PART 1 - THE EARLY
YEARS
PART 2 - THE GREAT WAR
PART 3 - THE TWENTIES
PART 4 -
FROM GENERAL STRIKE TO WORLD WAR 2
PART 5 -MARRIED
LIFE AND THE CLOUDS OF WAR
PART 6 - OUTBREAK OF
WAR
PART 7 - THE HEIGHT OF WAR
PART 8 - 1942-44:AMERICA DECLARES WAR
PART 9: POST-WAR 1945-1950: RUNNING THE PUB
PART 10: THE AFTERMATH OF WAR
PART 12: THE SIXTIES
PART 13:
FROM HILDENBOROUGH TO DENMEAD
PART 14: TRAVELLING
THROUGH LIFE AND DEATH
PART 15: THE LAST 25
YEARS
FIRST PUBLISHED IN THE JUNE 1997 ISSUE OF ST GEORGE'S NEWS
It was strange after so long now being able to live an ordinary life in this lovely old Market Town, as it was in 1952. I had no knowledge of Kent and found it a very colourful part of the country with its fruit farms, a river flowing through the middle of the town, a ruined Castle with its keep looking down on all it surveyed, and the great school, dating back to Queen Elizabeth Ist days, with its playing fields spreading far into the country on the northern side of the town bounded by the London road.
Here we bought a house of our own, it was built in what was a terrace in the early Victorian times, three stories high with a semi-basement and a walled garden which ran down to the school grounds. It needed a lot of work to be done on it, in the first place the roof leaked and had to be re-slated. This proved to be little trouble as there were many building firms getting back to life with all the rebuilding that was in progress at that time. Without much ado a couple of men soon arrived with ladders and were up on the roof throwing the old slates down in to a truck by the side of the house. I was amazed how they walked about the roof as though they were crossing a road, there was no such thing as scaffolding then. When I asked the builder if this wasn't a little dangerous, he said, "don't worry about them, they feel safer up there than on the ground."
The next job was on the kitchen where a new Rayburn had to be installed instead of the old kitchen range. This was a treasure as it heated the water and kept the flagstoned kitchen warm and was fed by solid fuel. It was a great start and so we were able to move in.

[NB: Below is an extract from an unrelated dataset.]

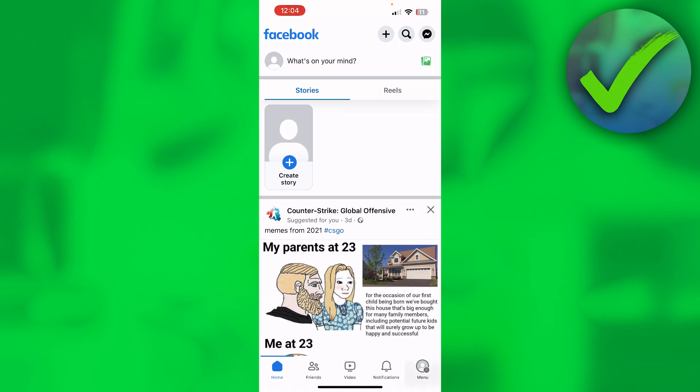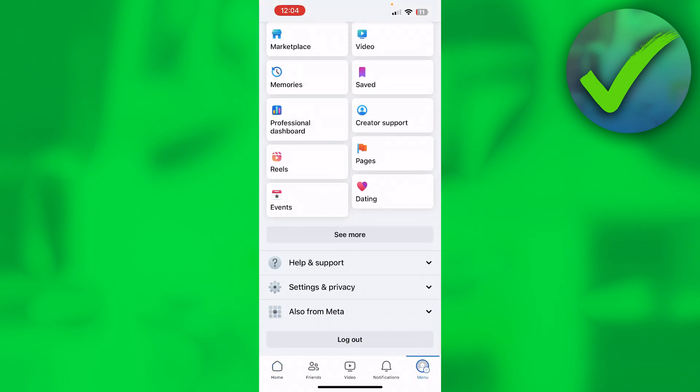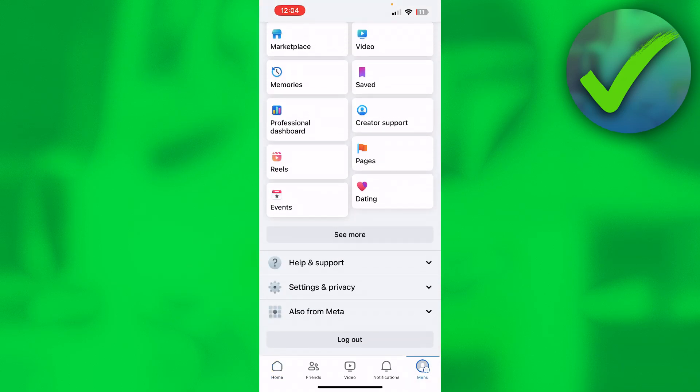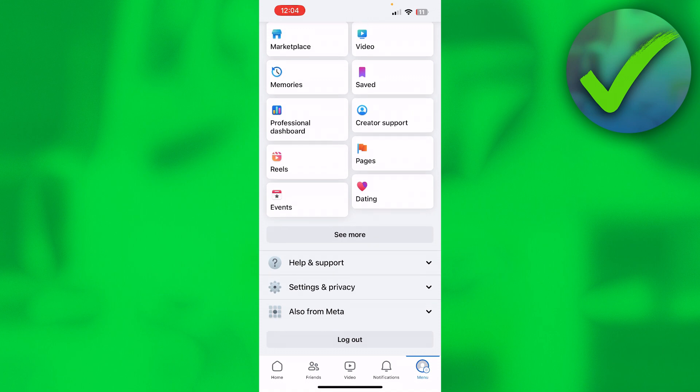The second option is simply trying to log out. If you go to the menu and scroll all the way to the bottom, you can see 'Log Out.' Try logging out and then logging back in to see if the issue has been fixed.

By now it was hop-picking time so we took a break from house repairing and joined the hop pickers. These families came from East London yearly and stayed on the same farm year in and year out about the beginning of September until the job was finished about three to four weeks. It was their annual holiday and whole families came and lived in huts on the farm specially built for them. One had to apply to the farmer if you were local and he supplied you with a "bin", a long canvas sack, open at the side and fixed to trestles at each end; into which the picked hops were put after being stripped off the vine. My sister-in-law had one to raise money for the church and the first year we helped her, but after that we had one of our own and got many friends to help over the weeks. It wasn't easy at first to be quick, but after a while one got quite used to the work but it did nothing for your hands which became stained green. It was also terribly badly paid but when some of the pickers remonstrated with the farmer he just said - well, it's your holiday isn't it, who else would pay you for that! End of complaints. We all liked it and treated it as part of our summer holiday. I think we must have had some wet days but I can only remember having to get up at 6 o'clock to get to the hop-gardens by seven when a whistle blew for you to start. You took a picnic lunch and a vacuum of coffee as it was jolly cold at first but when the sun filtered through the vines it was wonderful, and there was a great deal of fun doing it day after day. Most of the regulars from London were Cockneys and their humour was hilarious and their back slang, and rhyming sounded like a foreign language. Quite a few pubs wouldn't serve them in the evening and the ones that did only had them in the public bar. They were a bit high at times but really not much worse than the farm labourers were after muck spreading on the fields. I don't think people knew much about hygiene then, but they certainly knew how to enjoy themselves, and I am sure no-one ever suffered from stress.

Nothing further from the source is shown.